2

So, basically, I'm looking for linux software to monitor a folder (and it's subfolders) for any changes and apply some form of versioning (that is, keep a "database", or whatever, from where I can restore files).

The reason why this can't be done with traditional SCMs (GIT, SVN, HG, whatever) is twofold:

  • the monitoring and versioning must be automatic (with the only order criteria being time)
  • the software I need is to do a specific thing, unlike SCM, where they do a lot more (and of course reasonably more error-prone)

The server this will be run on is an unmanaged VPS, hence having considerable control - but I'm afraid not enough to install a versioning filesystem partition.

While at it, know that I checked out wayback already, but I'm not impressed and hesitant to use software last updated 7 years ago (2004).

Sorry for passing on the headache to other fellow server-faulters, but I can't help it ;)

Edit: By the way, though I would prefer this to be CLI-based, any alternatives are very welcome as well!

Edit 2: Not to bash linux or anything, but with linux(unix)'s concept of signals, this shouldn't be too difficult to write (by a dedicated team of course).

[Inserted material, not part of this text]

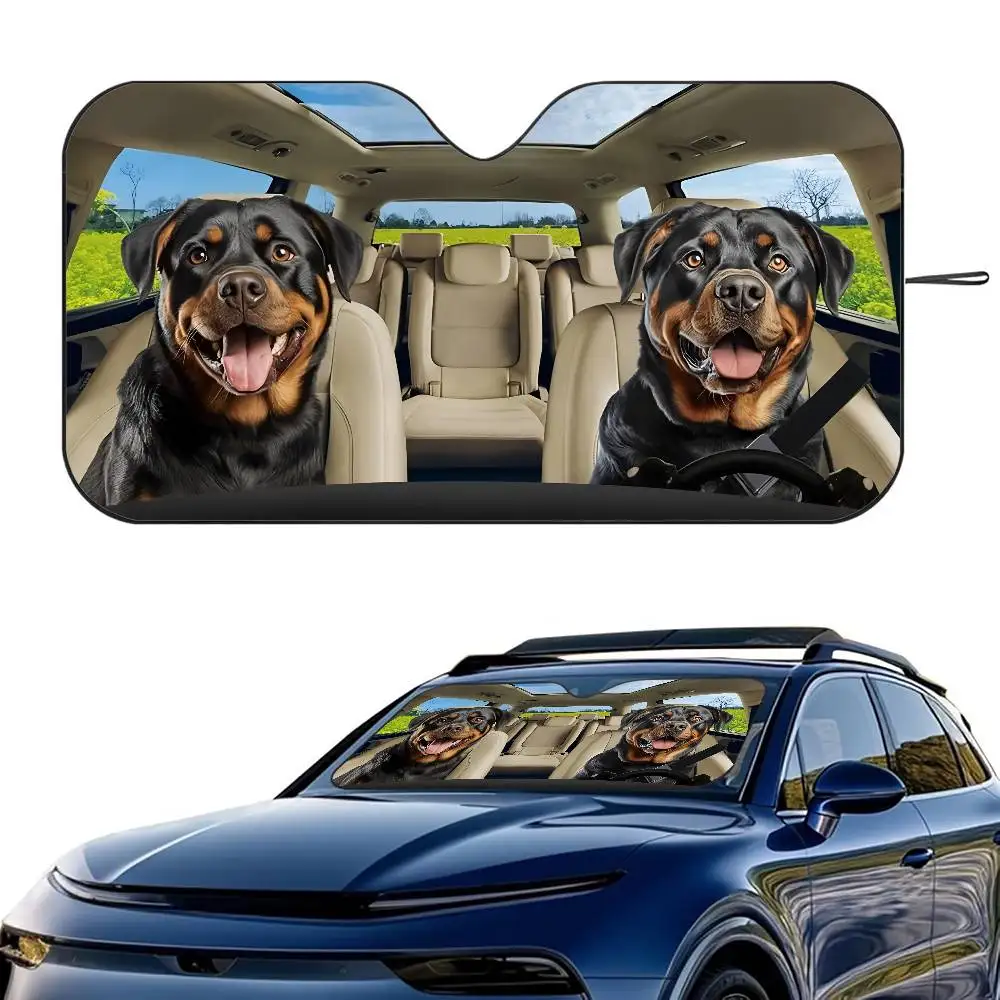 

Rottweiler Dog Driver Car SunShade Windshield Foldable Three-layer Insulation Sunshade By Suction Cup Blocks UV Rays Sun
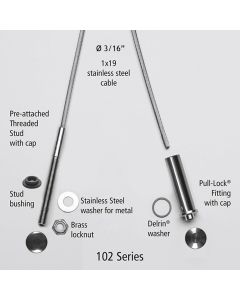 RailFX® 102 Series Cable Rail Kit, 10' Length, Through-Post, for Metal, Ø 3/16" Cable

In fact, I'm using a system which does this already (Dropbox), but it has a different purpose and as such, versioning is limited to 30 days (and versioning is kept in an online storage). But it shows that the concept is entirely possible.

HopelessN00b
  • 53,385
  • 32
  • 133
  • 208
Christian
  • 462
  • 5
  • 22
  • How much data, and how much churn do you expect? – Tobu Mar 01 '11 at 22:21
  • I don't understand your question much, but I do have certain limits, such as a total of 2GB on live files, and since this has to do with code/text files, expects thousands of files. Edit: make it a million or two :) Oh, about churn, there shouldn't be a lot of changes at the same time (like maybe some 5000 at most), but the changes are actually simultaneous. – Christian Mar 01 '11 at 22:22

3 Answers3

1

Does it really have version on change at the file level, or would you accept a periodic snapshots?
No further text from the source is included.